外側からもたらされる影響は、自分がどうあがいても変えることは困難です。

たとえば

<人>
・相談できる人
・品質確認をしてもらう人
<物>
・仕事をする場所
・仕事のための機器
<金>
・制作費
<時間>
・納期
・電話ができる時間帯

などなど。
変えられないものは受け入れるしかありません
先ほど分解したタスクと、外的要因をかけあわせると、「16時以降は電話リサーチができないので構成案の時間に」など、その時間帯にやるべきことが見えてきます


自分の得手・不得手、心地いい・悪いを知っておく

頭がクリアな朝に原稿がはかどる、夜に音楽を聞きながら構成を練るのが好き、納品間際にバタ着くと品質が極端に落ちる……など、人にはそれぞれ、得意だったり、調子が良かったりする面と、苦手だったり、マインドが落ちたりする面があります

自己分析により、それを把握しておきましょう。

先ほど、分解したタスクと外的要因をかけあわせれば、やるべきことが見えてくると書きました。もちろん、どんなタスクに充ててもいいフリーダムな時間帯も少なくありません。
そんな時間帯には、自分の得手・不得手、心地いい・悪いを加味してタスクを組み込んでみてください。「朝の1時間を使って原稿の推敲をしよう」「夕方から2時間使えるから、苦手な構成案に時間を割こう」といった感じに。

分解したタスク×外的要因×自己分析

これが噛み合えば、面白いほどこなせる仕事が増え、品質も高まるはずです!

4.「マルチタスク」のまとめ

いかがでしたでしょうか。
繰り返しになりますが、マルチタスクが苦手だ、自分は避けてきた、というライターも、あらためてトライしてみてください。
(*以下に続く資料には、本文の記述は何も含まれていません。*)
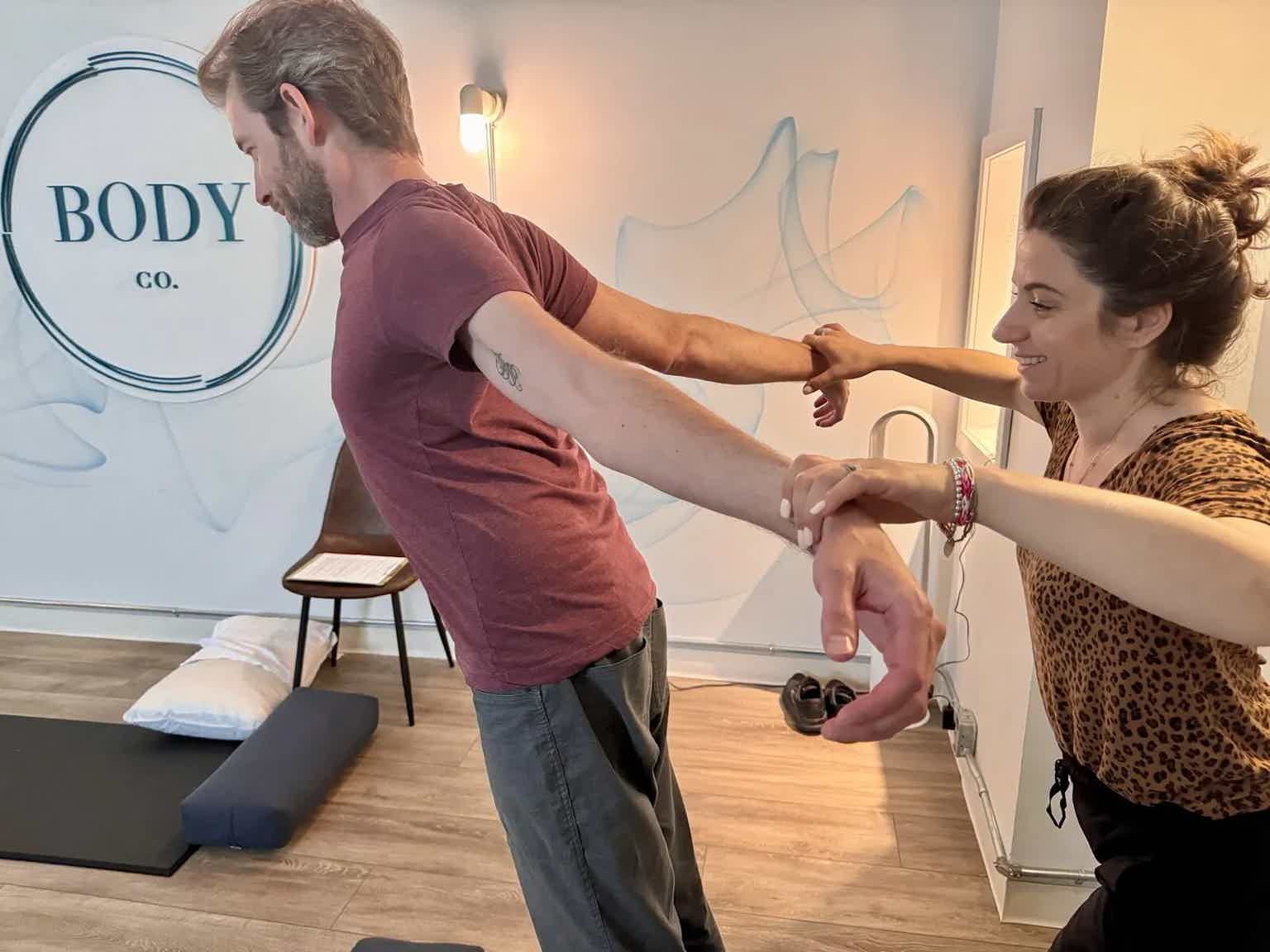 Instructor and participant stretch arms at bodywork studio, with wall signage “BODY CO.” and a bench in background.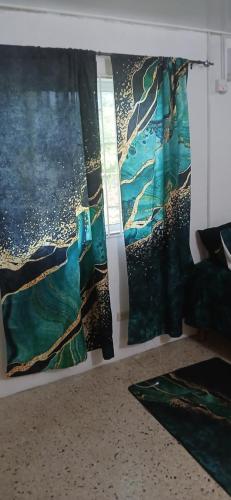 a room with a painting on the wall at Entire 3 bedroom house in St Thomas, Jamaica in Port Morant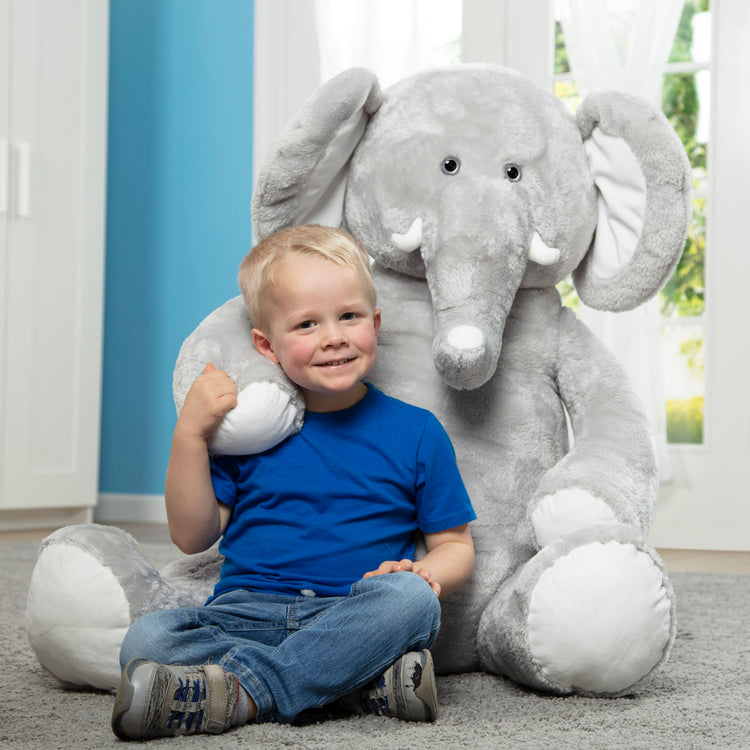 A kid playing with The Melissa & Doug Gentle Jumbos Elephant Giant Stuffed Plush Animal (Sits Nearly 3 Feet Tall)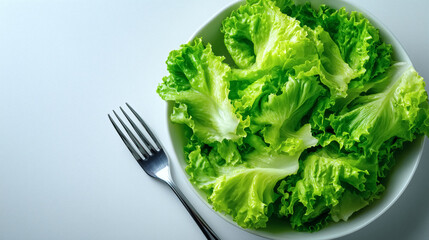 Fresh crisp lettuce leaves in a white bowl with a silver fork ready for a healthy meal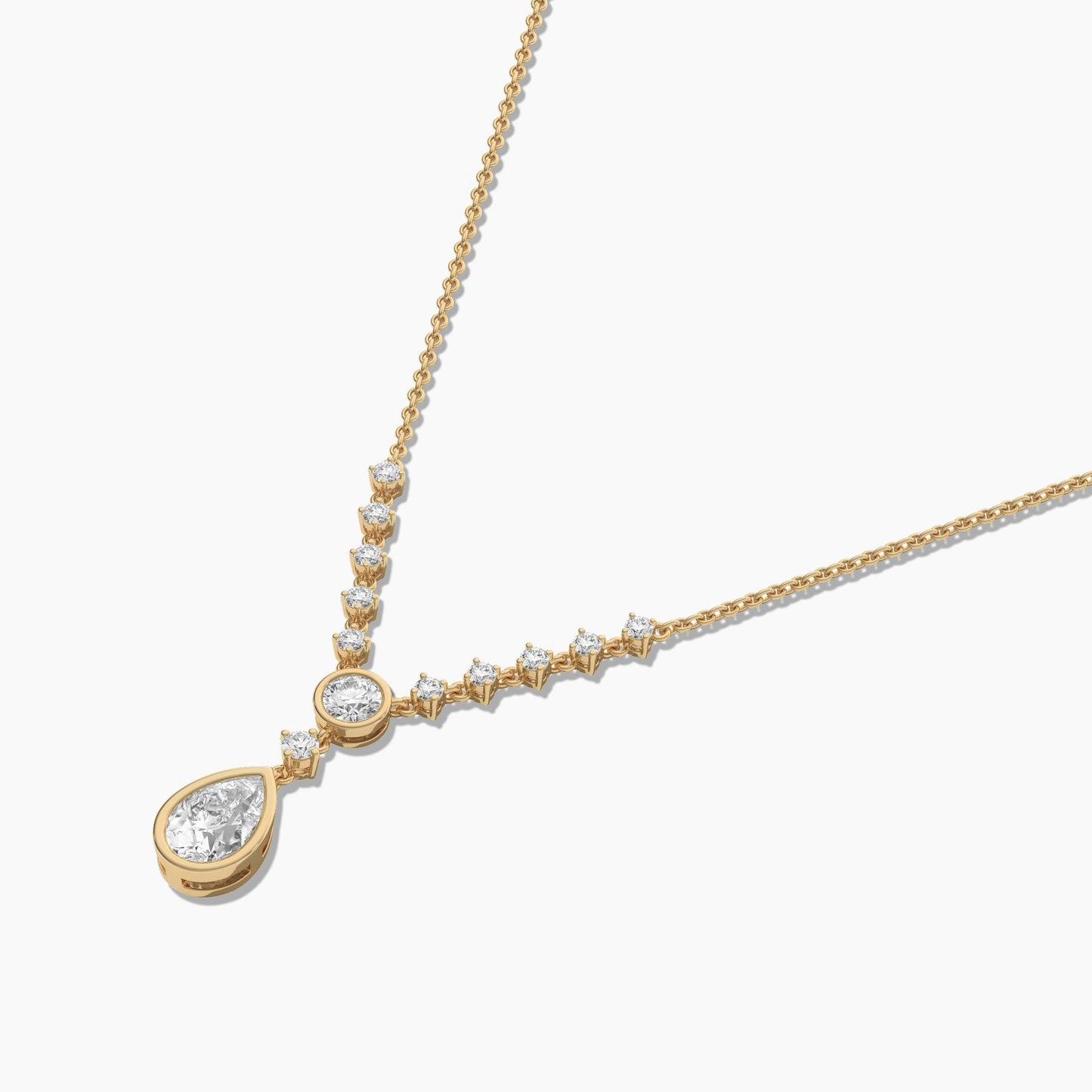 Gold necklace with a teardrop-shaped pendant on a white background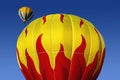 A colourful yellow and red hot air balloon show of its flame design in Portland, USA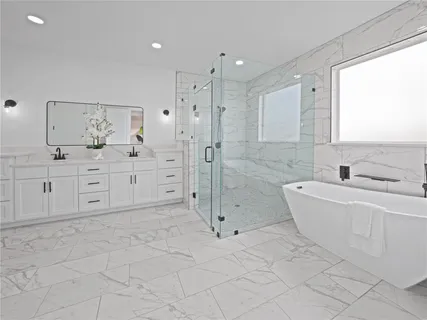 a bathroom with a granite countertop sink a toilet and bathtub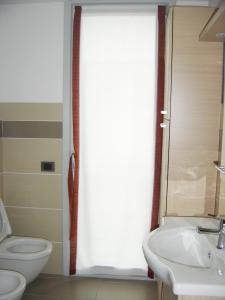 Kúpeľňa v ubytovaní La trifula bianca apts.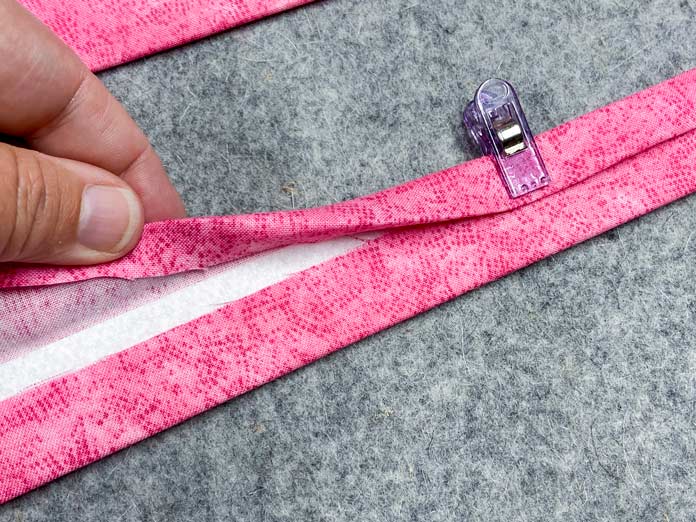 A hand is shown folding under the edge of the fabric strip so that it can be fused to the interfacing.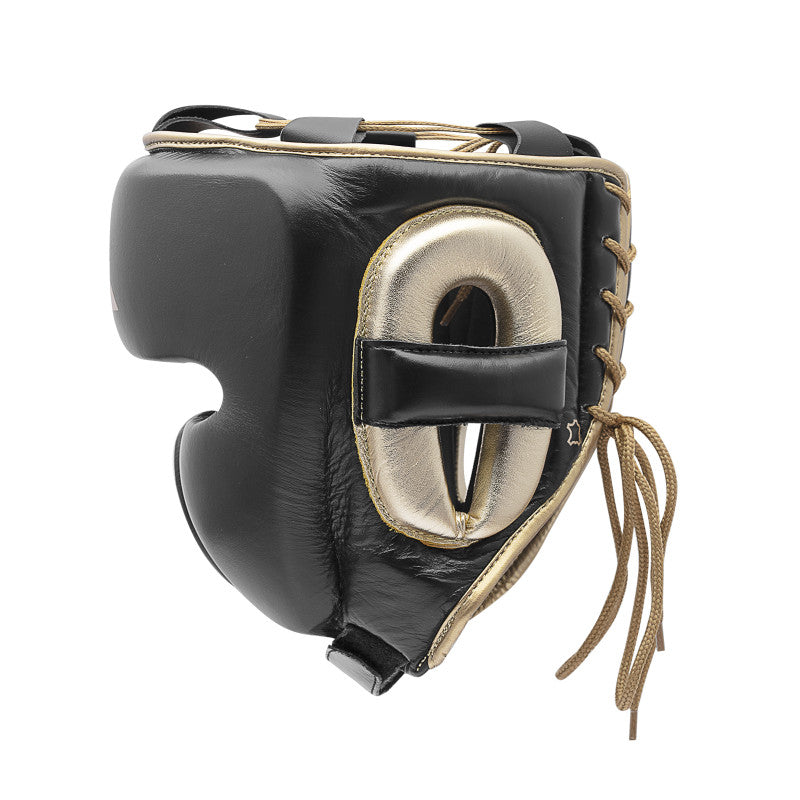 Black and gold boxing mask, part of protective boxing equipment.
挑戦した結果、やっぱり自分はシングルタスクが性に合っていると気づくかもしれませんが、それはそれでよいと思います。

マルチタスクによって広がる世界を、知らずに過ごすのはもったいない。とくにキャッシュフローの安定は、長くライターを続けるうえで欠かせません。

この記事が、みなさんの可能性を少しでも広げるお役に立てれば幸いです。